Kasus dugaan korupsi kuota haji sendiri telah dinaikkan ke tahap penyidikan oleh Komisi Pemberantasan Korupsi (KPK) sejak Agustus 2025. Meski tersangka belum ditetapkan, potensi kerugian negara diperkirakan mencapai Rp1 triliun. Tiga pihak telah dicegah bepergian ke luar negeri, yaitu mantan Menteri Agama Yaqut Cholil Qoumas, mantan Staf Khusus Menteri Agama Ishfah Abidal Aziz, dan pemilik Maktour Travel, Fuad Hasan Masyhur.
Perkara ini bermula dari tambahan kuota 20.000 jemaah yang diberikan Pemerintah Arab Saudi setelah pertemuan Presiden Joko Widodo dengan otoritas Saudi pada 2023. Kuota tambahan dialokasikan ke skema haji reguler dan khusus, sebagian besar dikelola oleh biro travel dan asosiasi penyelenggara haji.
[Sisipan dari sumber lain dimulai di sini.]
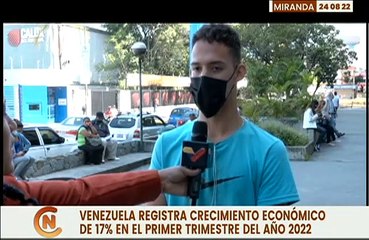 Ciudadanos opinan acerca del crecimiento económico registrado en el primer trimestre del año 2022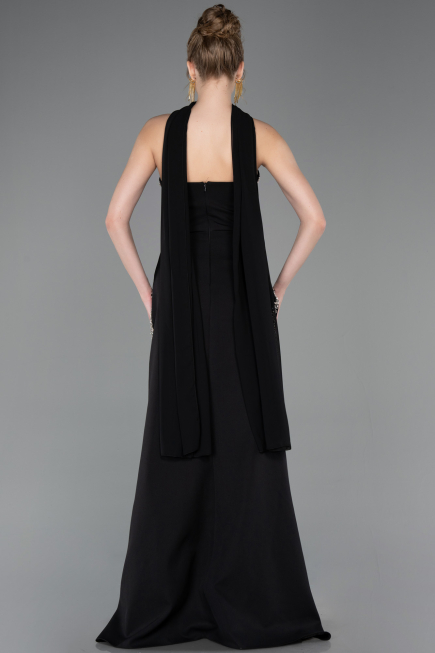 Abendkleid Lang Schwarz ABU5769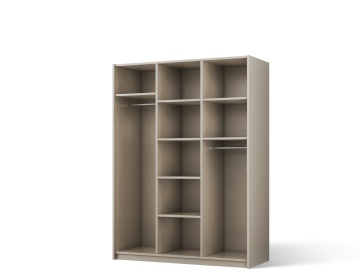 Dulap Alera III Hinged – cu oglindă – 148x58x204 cm – Cașmir – Alera III Hinged Dulap – Varianta 1 - Img 3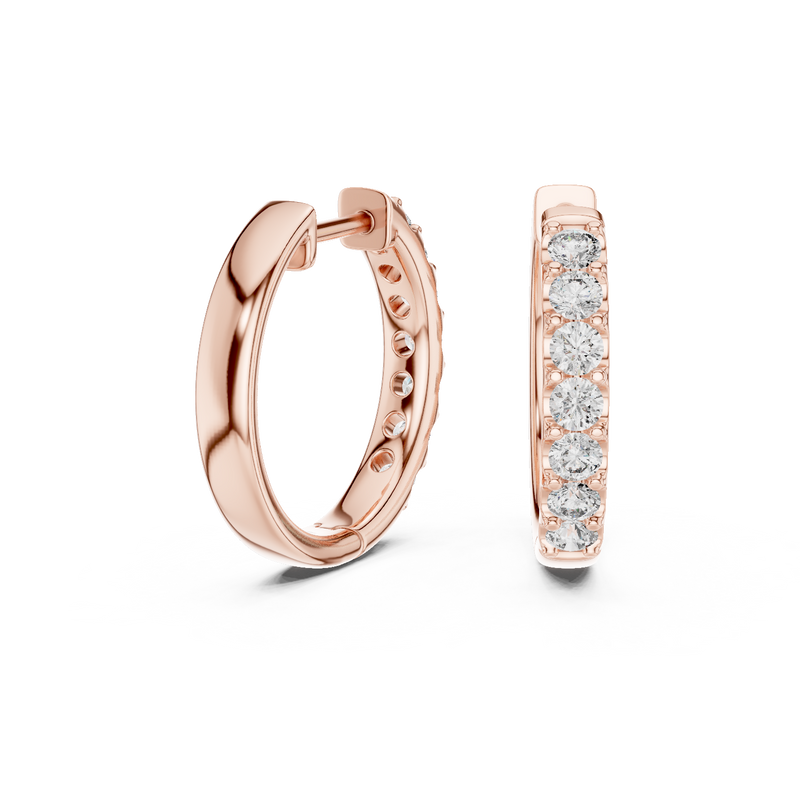 Earring GER-0373@7 - Rose Gold - Image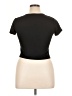 Love Streak Black Short Sleeve Top Size XL - photo 2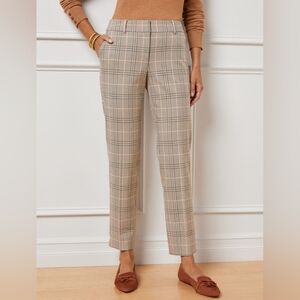 Talbots Hampshire Ankle Pants- Riverside Plaid, Sz. 14P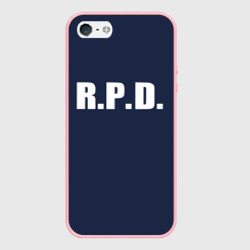 Чехол для iPhone 5/5S матовый R.p.d. Leon s.Kennedy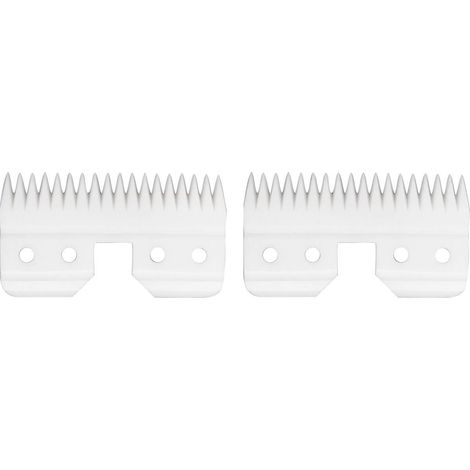 2 Pièces de Coupe-Lame de Rechange, Lame Mobile en Céramique de 18 Dents, pour animaux de Compagnie/Humains, compatible avec la Tondeuses à Cheveux AG/A5(2 Pièces, Blanc) (1/4)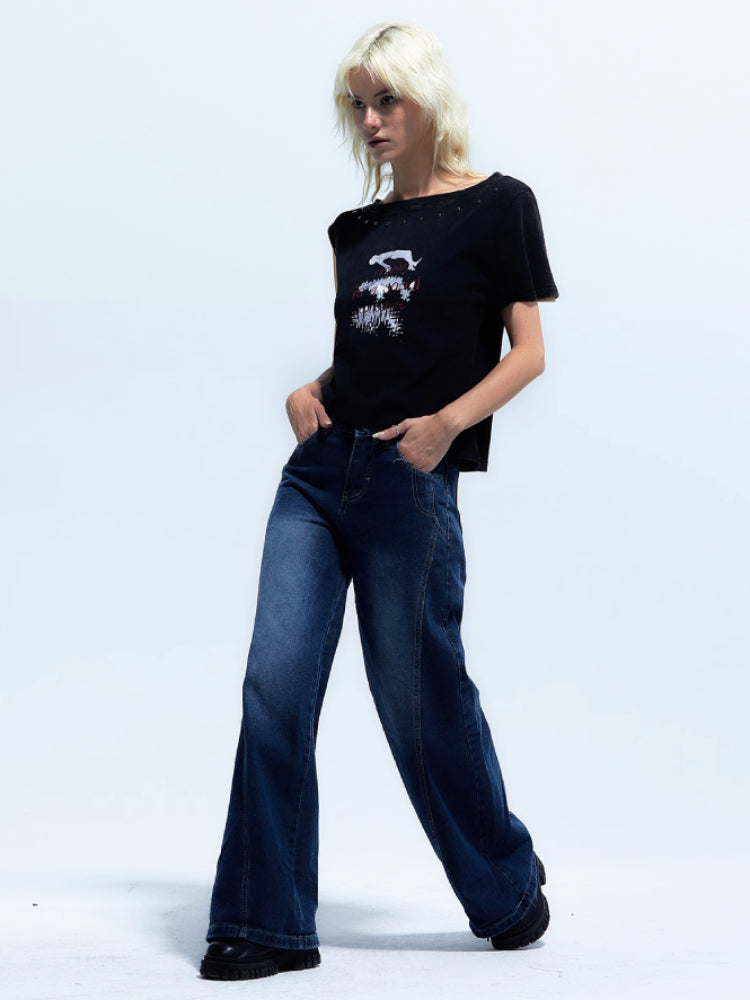 펑크 Deshig 티셔츠 [S000006994]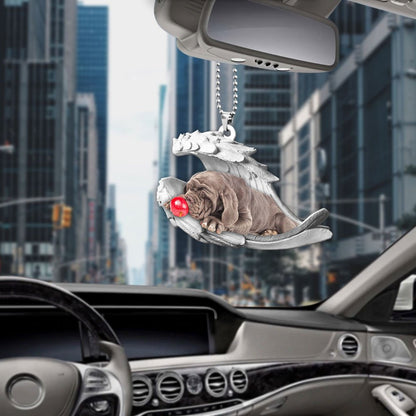 Ornaments- Cane Corso- Sleeping Angel-Two Sided Ornament, Dog Ornaments, Car Ornament - Best gifts your whole family
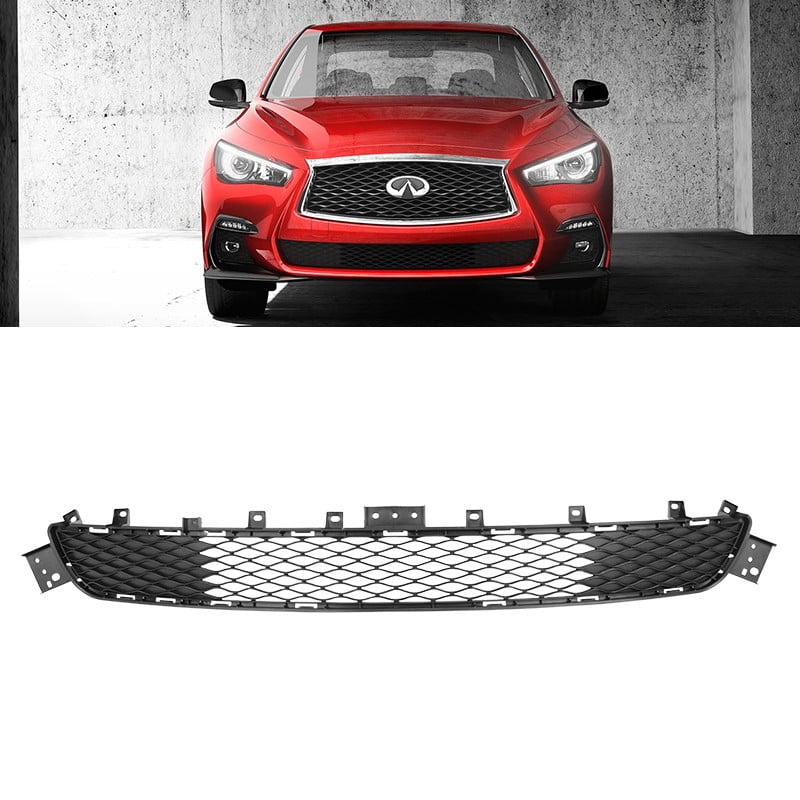 For 20182020 Infiniti Q50 Sport Bumper Front Lower Mesh Grille Red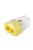 2-es gyorscsatlakozó tömör vezetékekhez, 0,75-2,5 mm2, sárga, 20 db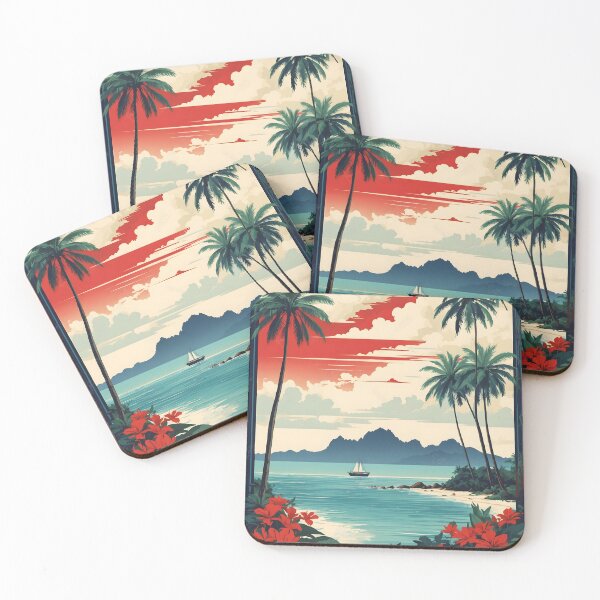 Item preview, Ko Pha Ngan Thailand Vintage Retro Travel Tourism designed and sold by TravelersGems.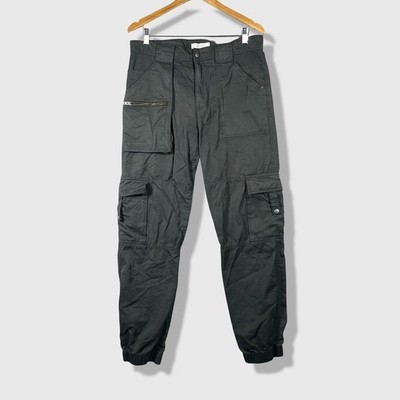 Standard Cloth Cargo Jogger Pants Mens Medium Black Utility Gorpcore Urban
Namun pembagian kuota ini diduga menyalahi Undang-Undang Nomor 8 Tahun 2019. Kuota yang seharusnya dibagi proporsional justru diperjualbelikan dengan setoran USD 2.600–7.000 kepada pejabat tertentu.
Dana hasil setoran diduga digunakan untuk membeli aset, termasuk dua rumah mewah di Jakarta Selatan yang disita KPK pada September 2025. Salah satu rumah senilai Rp6,5 miliar dibeli seorang pegawai Direktorat Jenderal Penyelenggaraan Haji dan Umrah menggunakan dana commitment fee.
Kasus ini terus berkembang, sementara publik menanti kejelasan tindak lanjut BPK dan langkah tegas KPK agar pengelolaan haji kembali berada pada rel yang adil dan transparan, sehingga semua calon jemaah memiliki kesempatan yang sama untuk menunaikan ibadah.